[Task description] Copy out the entire listing word for word.

[Data section]
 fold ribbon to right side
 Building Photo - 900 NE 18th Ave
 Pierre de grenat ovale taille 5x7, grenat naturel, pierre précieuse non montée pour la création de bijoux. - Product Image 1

[Your solution]
 fold ribbon to right side
 Building Photo - 900 NE 18th Ave
 Pierre de grenat ovale taille 5x7, grenat naturel, pierre précieuse non montée pour la création de bijoux. - Product Image 1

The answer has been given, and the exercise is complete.